▽

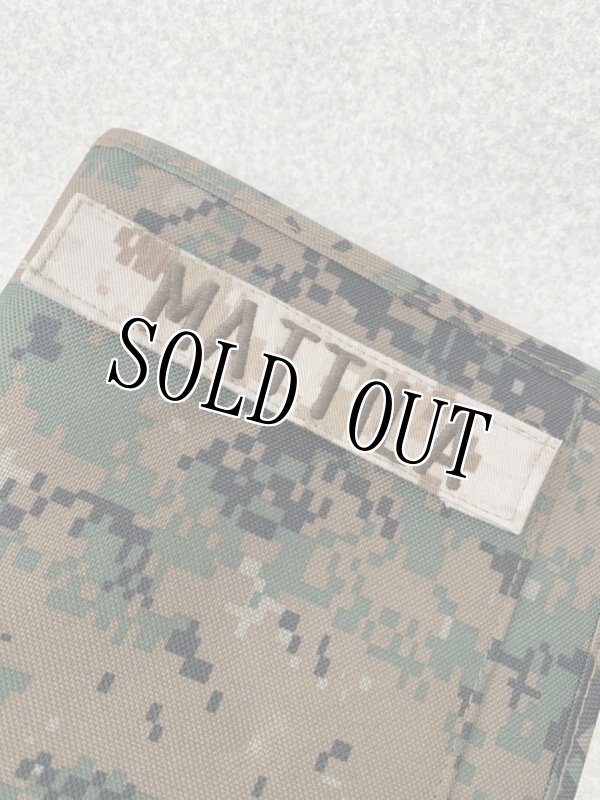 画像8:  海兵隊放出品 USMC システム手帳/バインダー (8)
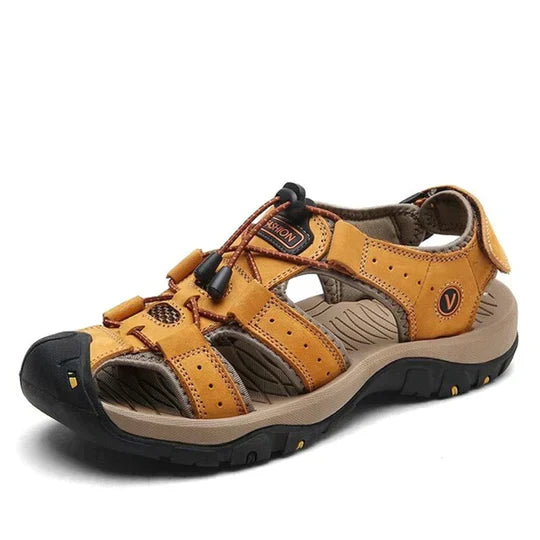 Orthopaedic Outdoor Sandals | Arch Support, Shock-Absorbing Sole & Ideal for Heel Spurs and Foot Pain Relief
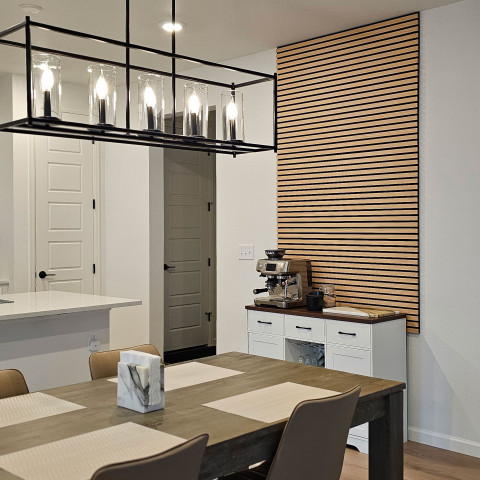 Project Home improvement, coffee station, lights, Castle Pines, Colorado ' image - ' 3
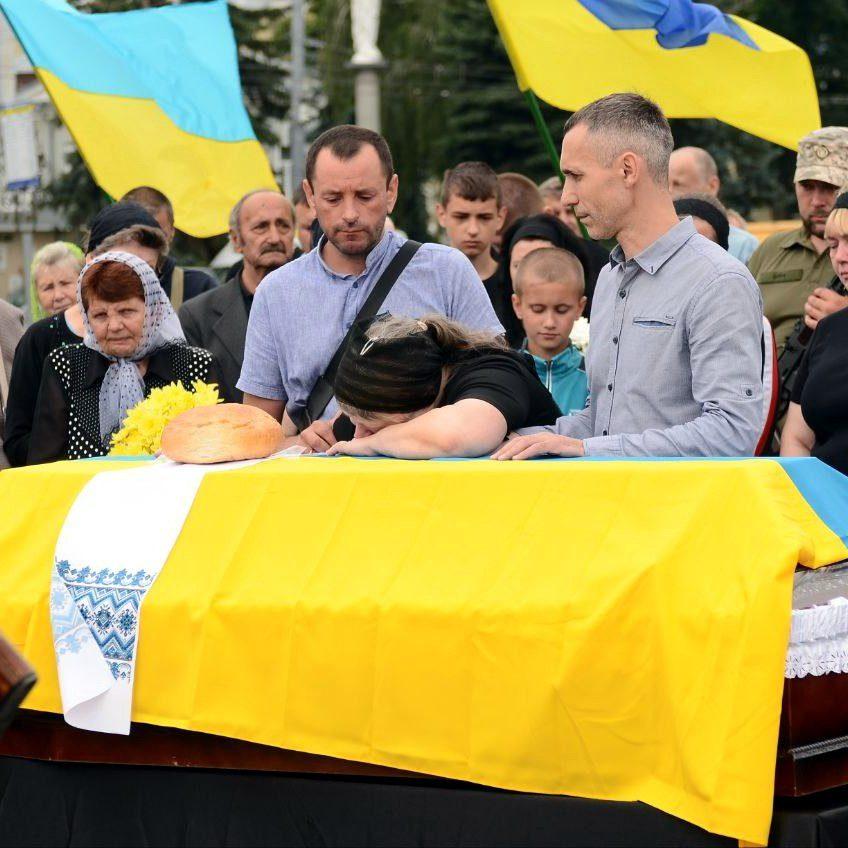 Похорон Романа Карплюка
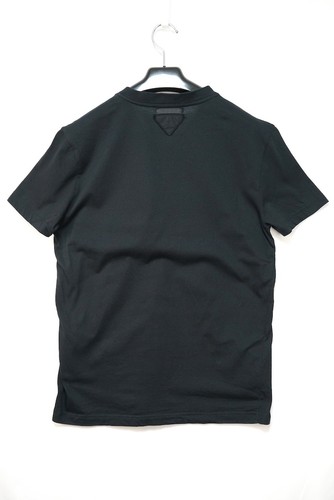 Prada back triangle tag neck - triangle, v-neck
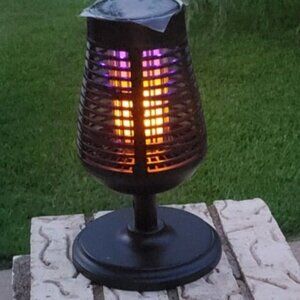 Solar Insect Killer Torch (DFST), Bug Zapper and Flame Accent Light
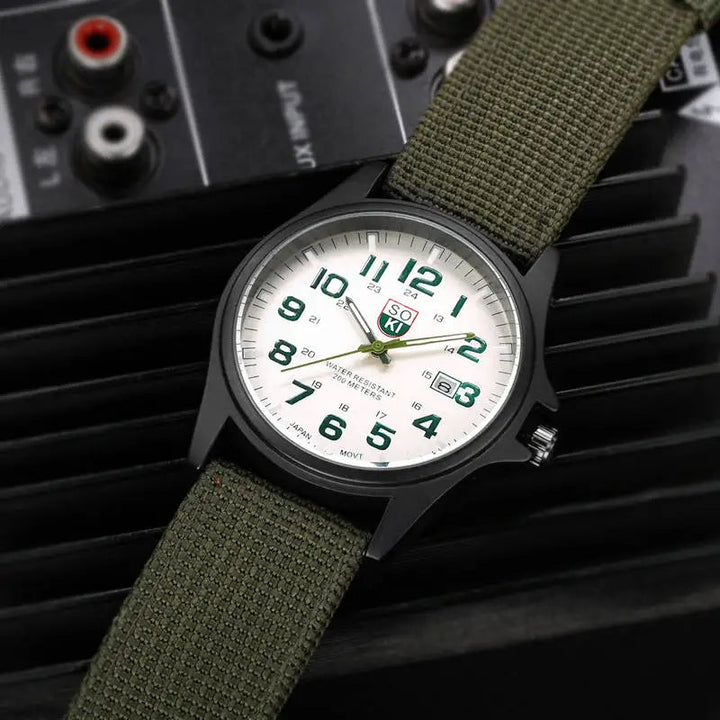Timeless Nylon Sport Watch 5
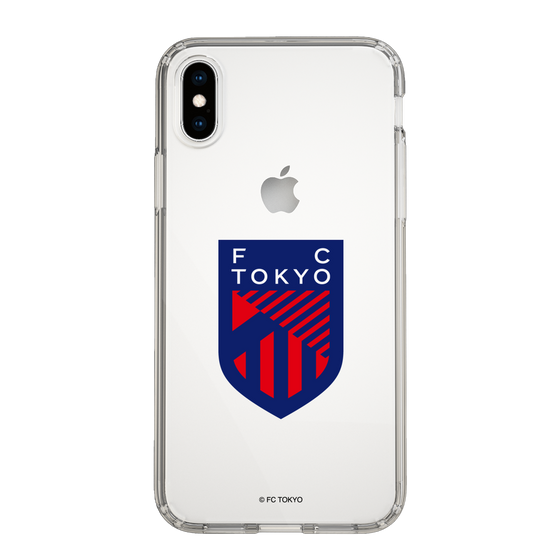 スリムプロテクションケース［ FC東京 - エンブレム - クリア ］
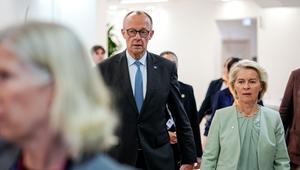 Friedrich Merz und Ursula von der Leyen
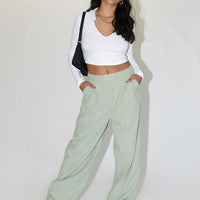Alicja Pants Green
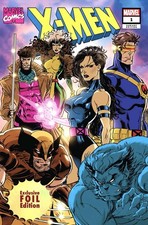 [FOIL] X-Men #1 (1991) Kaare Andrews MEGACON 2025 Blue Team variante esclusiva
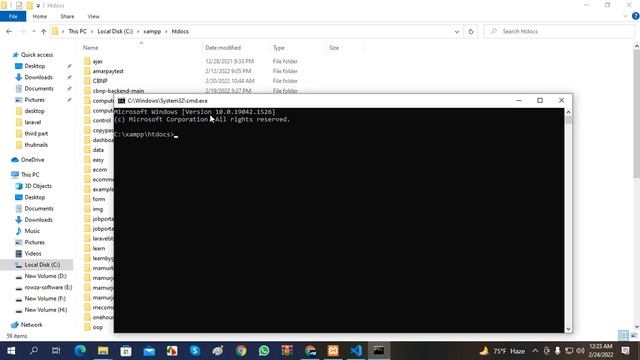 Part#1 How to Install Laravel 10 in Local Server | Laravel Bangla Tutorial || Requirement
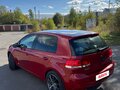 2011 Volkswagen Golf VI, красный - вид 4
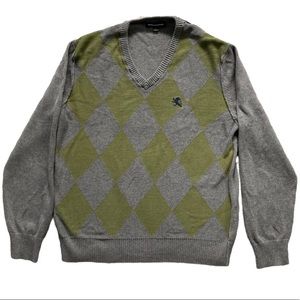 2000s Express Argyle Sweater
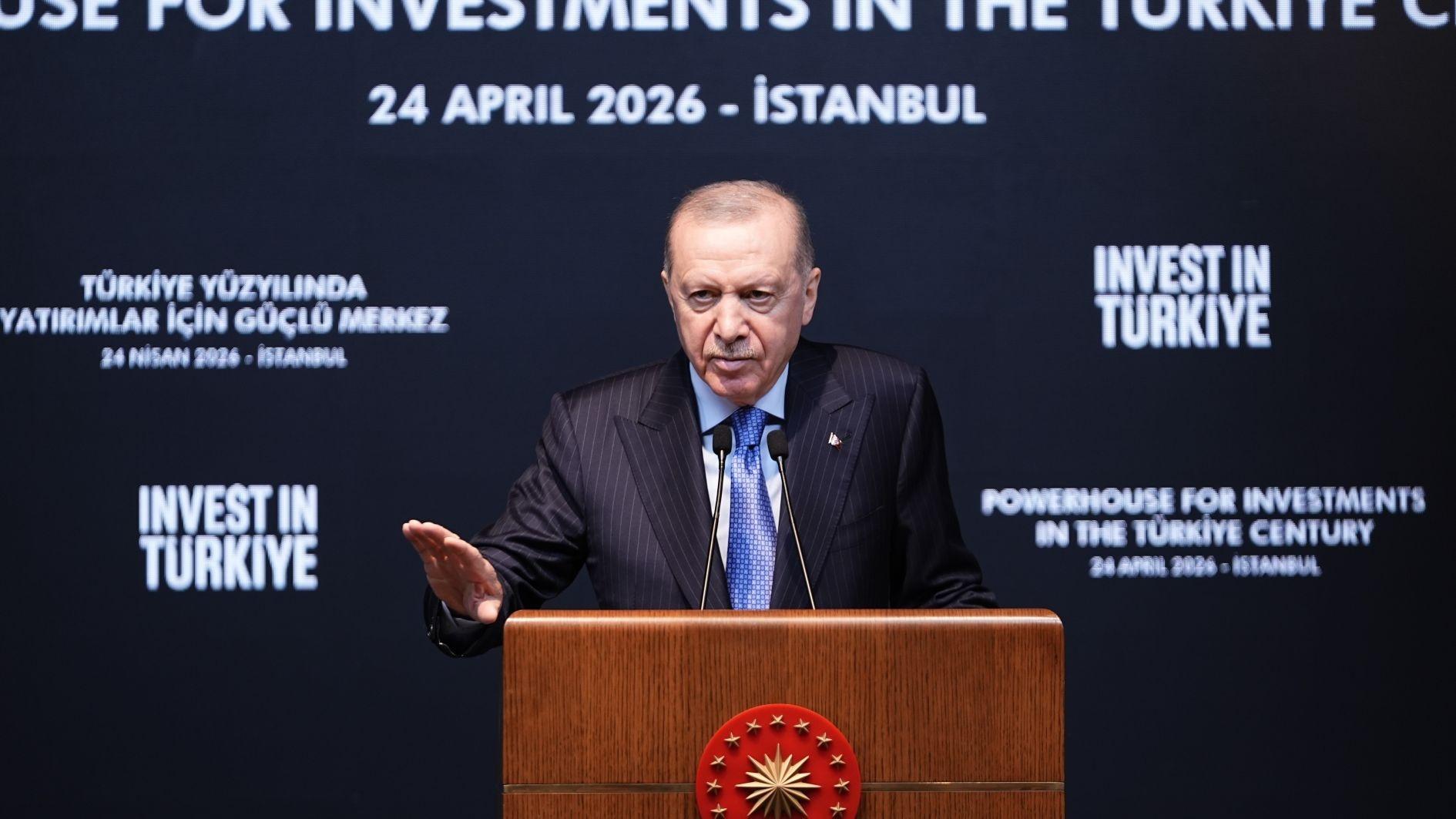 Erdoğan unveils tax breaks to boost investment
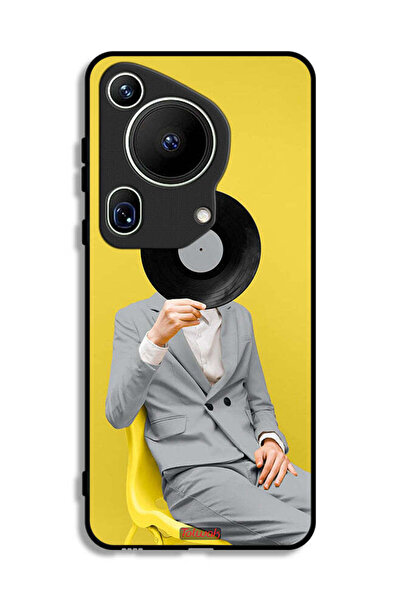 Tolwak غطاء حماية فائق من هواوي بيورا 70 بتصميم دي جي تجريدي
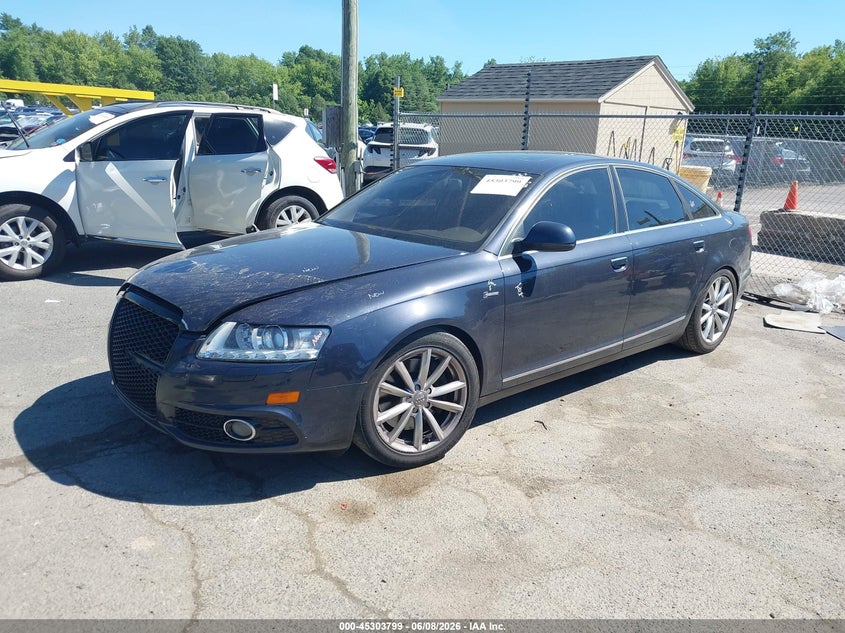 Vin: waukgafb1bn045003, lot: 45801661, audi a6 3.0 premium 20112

△

**Directions for this task**: Above, find the line with "Project Home improvement, coffee"; copy it and every line down to the line with "[FOIL] X-Men #1", exactly and both included, but no pictures.

**Response area**:
 Project Home improvement, coffee station, lights, Castle Pines, Colorado ' image - ' 3
 Похорон Романа Карплюка
 Prada back triangle tag neck - triangle, v-neck
 Solar Insect Killer Torch (DFST), Bug Zapper and Flame Accent Light
Timeless Nylon Sport Watch 5
 スリムプロテクションケース［ FC東京 - エンブレム - クリア ］
 Friedrich Merz und Ursula von der Leyen
Alicja Pants Green
 [FOIL] X-Men #1 (1991) Kaare Andrews MEGACON 2025 Blue Team variante esclusiva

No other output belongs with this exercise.